Scholarships reignite LGBTQ conflict in Zimbabwe


Zimbabwe's vice president Constantine Chiwenga

from MARCUS MUSHONGA in Harare, Zimbabwe
Zimbabwe Bureau
HARARE, (CAJ News) – THE divisive issue of lesbian, gay, bisexual, transgender and queer (LGBTQ) rights has returned to haunt Zimbabwe, a country with documented hostility towards same-sex liaisons.

Some foreign higher learning institutions offering prospective learners from Zimbabwe scholarships if they are LGBTQ has triggered a fallout with the government.

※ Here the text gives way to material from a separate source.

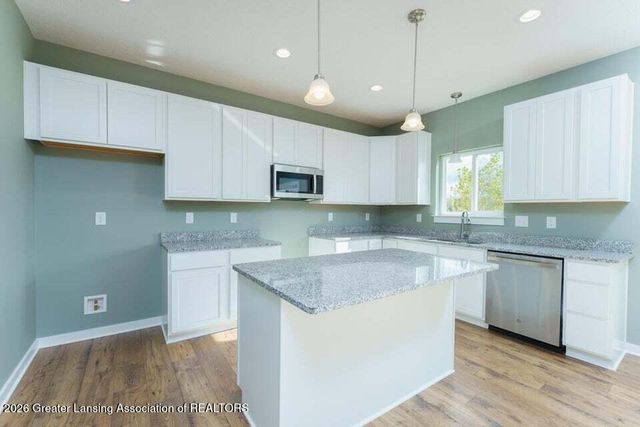 15277 Sherwood Lane, Lansing, MI 48906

This has also widened differences between the government and its critics, who argue the administration of President Emmerson Mnangagwa has its priorities misplaced. They believe instead, the government must prioritise the fight against rampant corruption and resuscitating an economy that has been on a freefall for over two decades.

Vice President Constantino Chiwenga said the government denounced as “unlawful, unChristian, anti-Zimbabwean and unAfrican insidious attempts by foreign interests to entice, lure and recruit Zimbabwe’s less privileged but able students into lesbian, gay, bisexual and transgender activities and malpractices through offers of educational scholarships.”

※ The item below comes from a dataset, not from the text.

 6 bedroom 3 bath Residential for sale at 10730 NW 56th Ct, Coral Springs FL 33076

He said the government viewed such scholarship offers as a direct challenge to its authority.

“Thus, the government will not hesitate to take appropriate measures to enforce national laws and to protect and defend national values,” Chiwenga added.

“Our schools and institutions of higher learning will not entertain applicants, let alone enrol persons associated in such alien, anti-life, unAfrican and unChristian values which are being promoted and cultivated by, as well as practised in decadent societies with whom we share no moral or cultural affinities.”

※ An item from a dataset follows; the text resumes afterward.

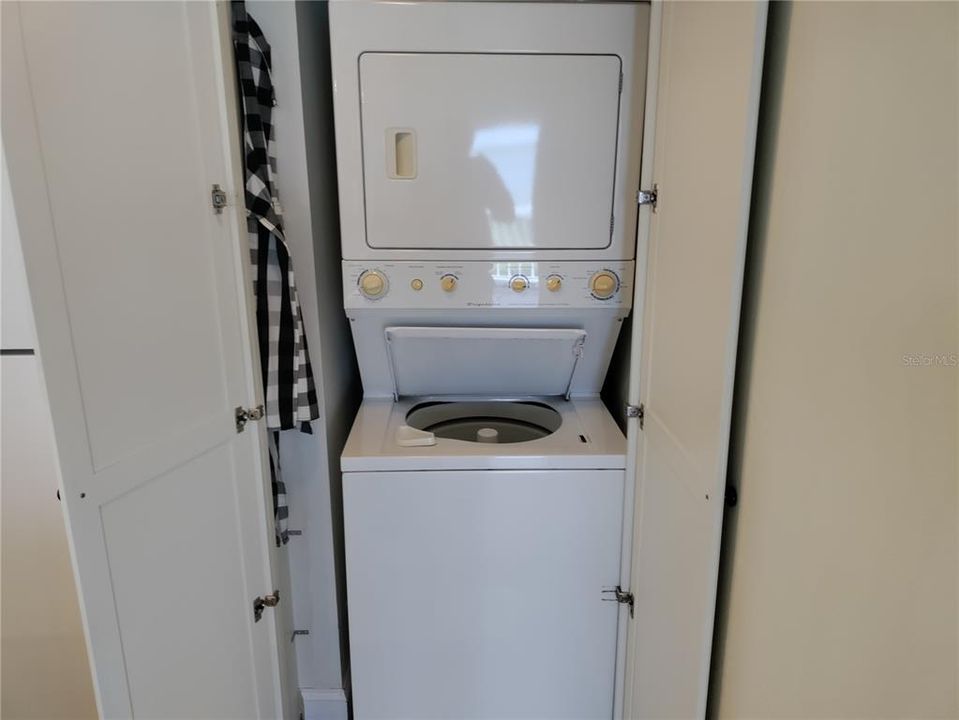 Под контрактом: $3,800 (2 спален, 2 ванн, 1118 Квадратных фут)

Chiwenga sent a warning to the prospective recipients of the scholarships.

“They should never be tempted to trade or sell their souls for such abominable and devilish offers,” he said.

Makomborero Haruzivishe, the pro-democracy activist, criticised Chiwenga, saying the vice president’s sentiments came at a time when thousands of villagers were being dispossessed of land they had lived all their lives on, increasing inflation and cost of living due to corruption and gross mis-governance.

“All Vice President Chiwenga cares about are gays yet millions of us citizens are after thieves looting Zimbabwe into precipice,” the activist said.

He argued individuals’ sexual preferences were neither illegal under the Zimbabwean law nor were they the cause of the suffering.

“The real culprits are criminals who are harboured in ZANU-PF,” Haruzivishe said.

ZANU-PF is an acronym of the Zimbabwe African National Union-Patriotic Front, which has governed Southern African since independence from Britain in 1980.

The government has previously accused the former coloniser and its Western allies of seeking to impose same sex liaisons in Zimbabwe.

Thandekile Moyo, a human rights activist also reacted to Chiwenga’s utterances.

“First of all, you cannot police sexuality, no matter how hard you try,” she said.

“There’s no law against homosexuality in Zimbabwe. These threats are backed by bigotry and not law.”

Moyo argued the Zimbabwe constitution protects the rights of the LGBTQ community.

Part of the constitution reads, “Every person has the right to fair treatment and not to be discriminated on the grounds of their nationality, race, colour, tribe, place of birth, ethnic or social origin, language, class, political affiliation, opinion, custom, culture, sex, gender, marital status, age, pregnancy, disability, economic or social status, or whether his or her parents were married or not married when he or she was born.”

Homophobia peaked under the administration of then president, Robert Mugabe (deceased), who at one time described gays as “worse than pigs and dogs.”

It triggered protests from the United States Congress.